Penitencia en la comida: En el camino de nuestra vida diaria, encontramos muchas y variadas especies de sacrificios, que podemos y debemos ofrecer a Dios. El sacrificio de la gula que, en muchos casos, es obligatorio. Abstenerse de las bebidas alcohólicas en demasía, que trastornan el juicio, embrutecen la razón y degradan la dignidad dejando a la persona en estado de ruina delante de Dios y de los hombres honestos. ¡Cuántas familias infelices por causa de este pecado de gula! ¿Por qué no se ofrece a Dios el sacrificio de no beber, repartiendo con los pobres aquello que con tanto daño se iría a gastar en excesos y pecados, mientras muchos hermanos nuestros se encuentran sin lo necesario para vivir?
Ofrecer a Dios en sacrificio algún pequeño gusto en la alimentación, de modo no perjudicial a las fuerzas físicas de que precisamos para poder trabajar. Así, por ejemplo, cambiar una fruta más de nuestro gusto por otra que nos es menos agradable, un dulce… o una bebida…; soportar la sed por un cierto espacio de tiempo y después saciarla, sí, pero con una bebida menos agradable, abstenernos del alcohol, por lo menos evitar el tomarlo en exceso.

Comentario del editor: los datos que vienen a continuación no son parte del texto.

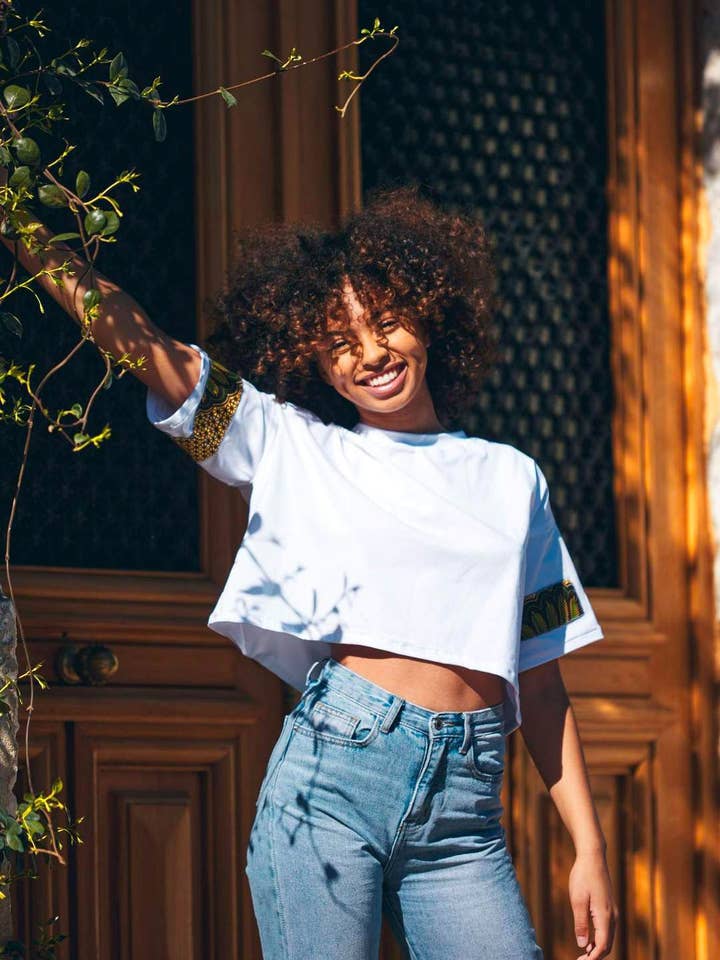 Shell Crop Top T-shirt for wholesale by Massollo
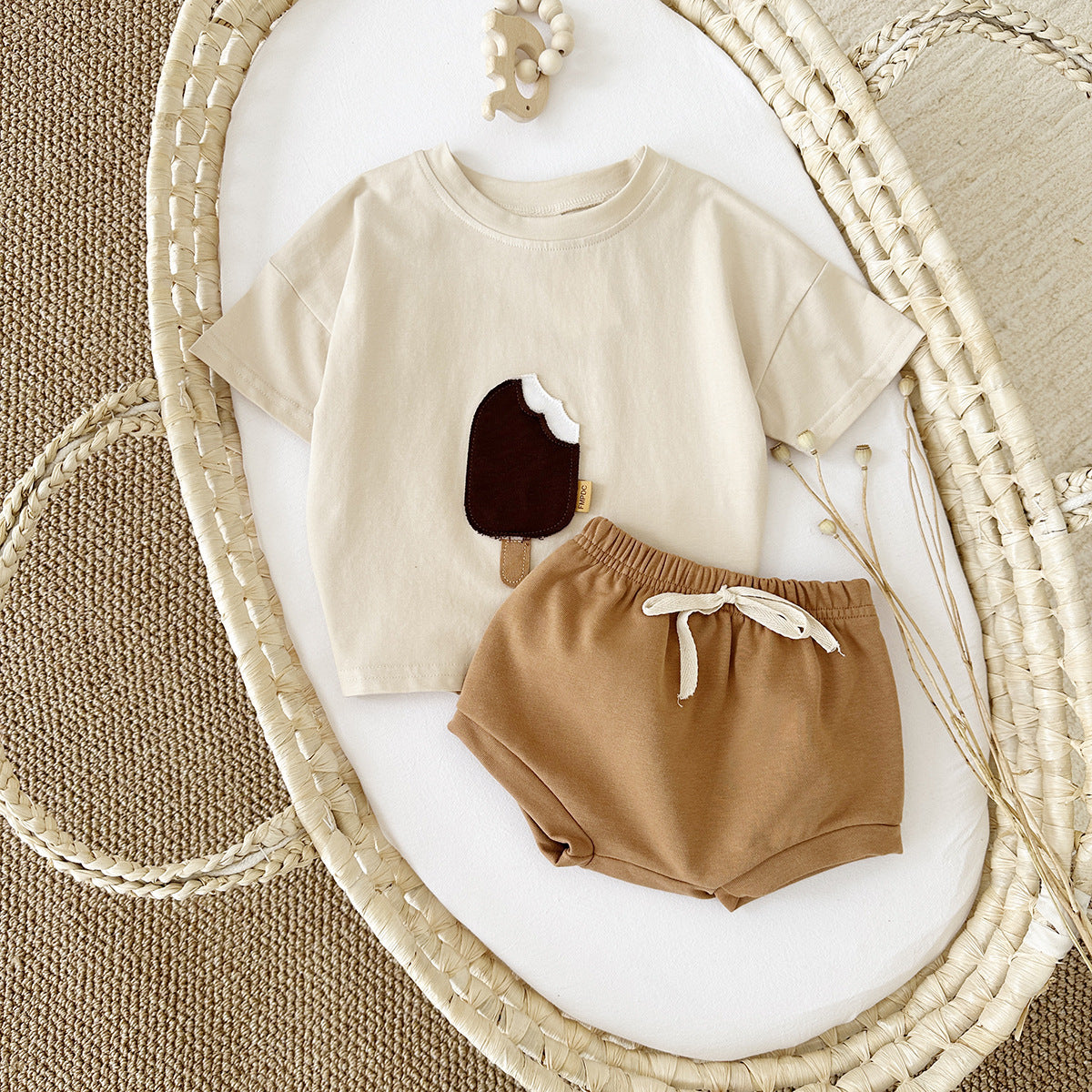 Girls' Casual Round Neck Cotton Ice Cream Patch Short Sleeve Shorts Suit 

Todo con sencillez, amor y gratitud: cuando nos servimos, no debemos escoger lo mejor. Pero si no podemos dejarlo de lado sin ser observados, mejor tomarlo con sencillez y sin preocupación, dando gracias a Dios por el mimo que nos proporciona, porque, no podemos creer que Dios, buen Padre que es, sólo esté contento con nosotros cuando nos ve mortificados. Dios creó las cosas buenas para sus hijos y le gusta ver que se sirven de ellas, sin abusar y después de cumplir su deber de trabajo para merecerlas, y tomarlas con reconocimiento y amor por Aquel que las llenó con sus dones.
Propósito de la semana: ofrecer, por manos de Nuestra Señora, un ayuno o alguna penitencia en la comida y bebida, para alcanzar, sobretodo, la conversión de mi corazón.